Nyjmnckra Grtozkzhnyi, my Nemesis, was standing by the roadside in front of her place as we rolled slowly past. Bundled up in an overcoat and babushka, she looked like some sort of squat evil prehistoric toad-god out of H. P. Lovecraft. She had clearly come out to gloat at our departure. It was the first time I had ever seen her smile. She was the only person I’ve ever seen whom a smile made uglier—and you have to understand, until I saw it I’d have said the trick was impossible. The sight disturbed me—and not just aesthetically: it was an ill omen for our journey. Not that I believe in omens. No sir. Nonetheless I stepped on the accelerator, wanting to be past her as quickly as possible.
But that bus was loaded; it took a while to answer the helm. There was plenty of time for little Erin to notice her, wave to attract her attention…and then carefully and deliberately give her the finger.
Nyjmnckra Grtozkzhnyi fainted dead away: threw her arms in the air and fell over backward and made an angel in the snow.
We were almost to the Expressway by the time Zoey and Ralph and I managed to stop laughing, and chuckles continued to come out of the CB for some time to come.
The trip started off kind of dull. Familiar roads, not much to look at outside that we hadn’t all seen befor
e. Two dozen schoolbuses traveling in a pack through New York City during school hours attracted absolutely no attention whatsoever. No reason to pay any attention to us; none of us were spraying gunfire.
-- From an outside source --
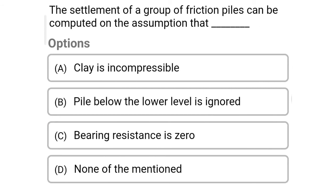So next question: the settlement of the group of friction piles can be computed on the assumption that — option A: clay is incompressible, option B: pile below the lower level is ignored, option C: bearing resistance is zero, option D: none of mentioned. So the correct answer is option A: clay is incompressible.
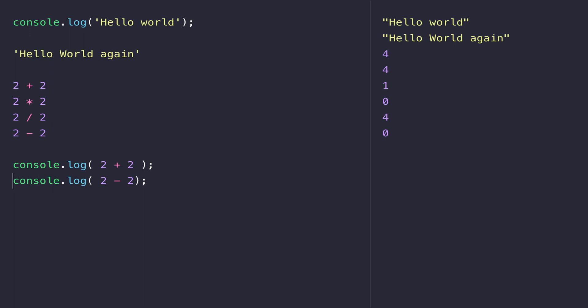You'll notice when I want to do some arithmetic or print out some numbers to the console, I don't need to wrap those in single quotes. When I'm working with text like the 'hello world' message above, it needs to be wrapped in quotation marks.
Without discussion, my family and I slipped into the pattern we would tend to follow all the way down the coast: me driving, Zoey navigating, and Erin dividing her time between gawking out the window, physical exercise of one kind or another, and trolling around the Internet with the souped-up laptop she had built with Tesla’s help. (If you boggle at the phoneless net-surfing capabilities and high download speed of Erin’s laptop in 1989, all I can tell you is, Tesla assured me there was no miscegemation involved, that not one piece of gear in that rig was a technological anachronism…though they might have been hooked up together in ways nobody else had quite thought of doing yet in 1989.)
All too soon we were in New Jersey, remembering the dullness of New York with nostalgic fondness. Erin had been chattering when we crossed the state line, but the sight of the Jersey Turnpike reduced her to silence. After a few miles of it, she said, “This is New Jersey?”
“That’s right, hon,” Zoey said.
Erin shook her head. “God, I hate to think what Old Jersey must look like.”
A few miles farther down the ’Pike, the CB speaker crackled and Jim Omar’s voice said, “Smoky on the back door, Jake, gumball lit.”
“Copy,” I said, and swallowed something I happened to have in my mouth, and opened my window a little farther to air the bus out. So did Zoey. “Prepare for boarders, everybody.” I didn’t have to check, I knew I was doing precisely the speed we’d all agreed on in advance: a safe, rational five miles an hour over the posted limit. I eased on back until I was doing exactly the limit, glanced in my sideview, and soon saw the spinning flashers of a state police cruiser coming up fast on my left. A few seconds later the sound of the siren reached me.